TASK ITEM: Only the lines from the one with "Young student with laptop outdoors" to the end of the data, both ends included, should be output, exactly as they stand and without pictures.

Pictures with short captions:
· · · ·

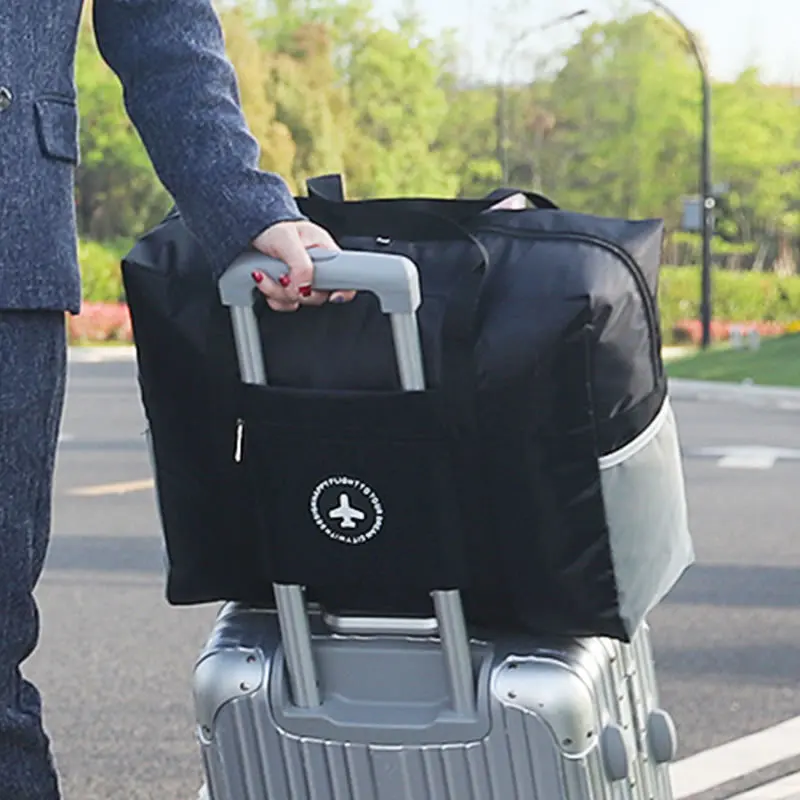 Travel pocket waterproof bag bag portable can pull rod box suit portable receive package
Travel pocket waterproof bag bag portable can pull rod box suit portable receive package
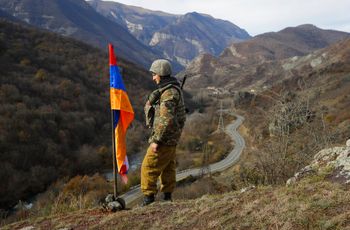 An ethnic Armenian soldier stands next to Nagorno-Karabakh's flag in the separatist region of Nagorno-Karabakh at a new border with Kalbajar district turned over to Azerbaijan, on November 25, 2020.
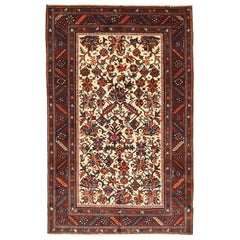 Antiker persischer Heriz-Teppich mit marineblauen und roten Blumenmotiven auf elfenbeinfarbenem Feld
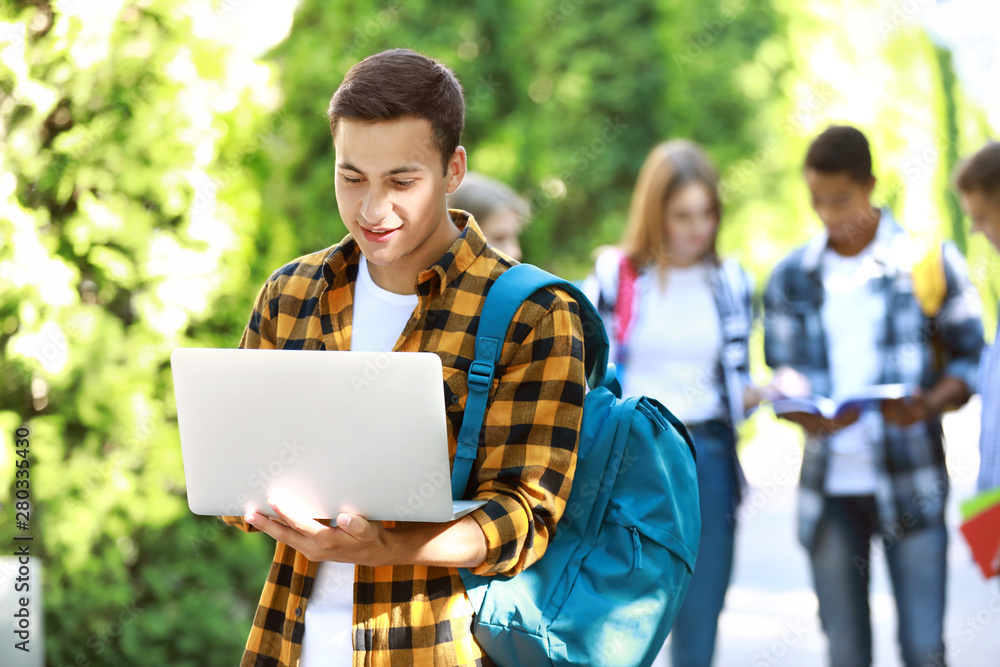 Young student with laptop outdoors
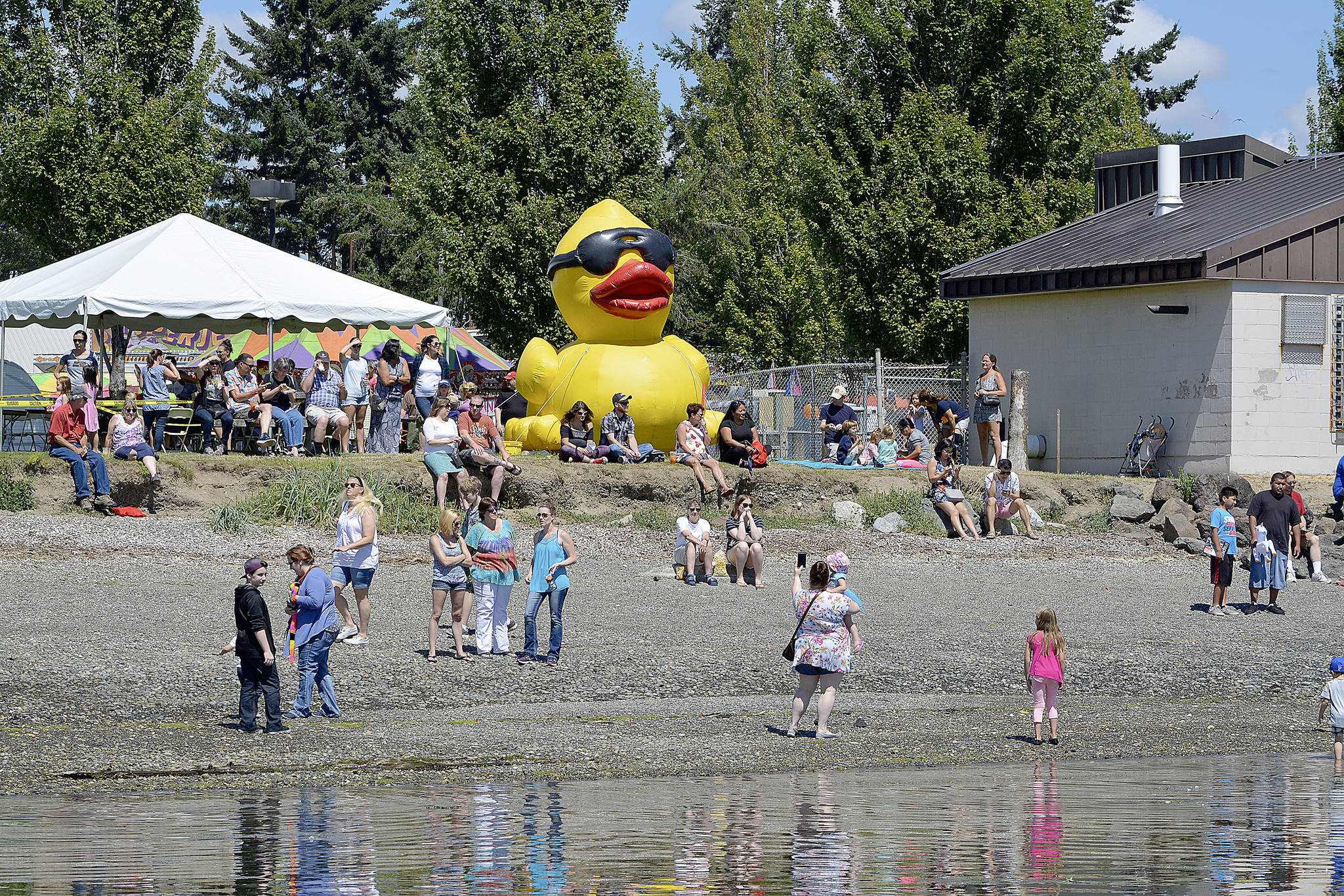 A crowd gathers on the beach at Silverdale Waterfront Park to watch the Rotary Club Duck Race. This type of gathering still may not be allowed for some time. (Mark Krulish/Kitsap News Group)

· · · ·

RESULT FOR THIS TASK:
 Young student with laptop outdoors
 A crowd gathers on the beach at Silverdale Waterfront Park to watch the Rotary Club Duck Race. This type of gathering still may not be allowed for some time. (Mark Krulish/Kitsap News Group)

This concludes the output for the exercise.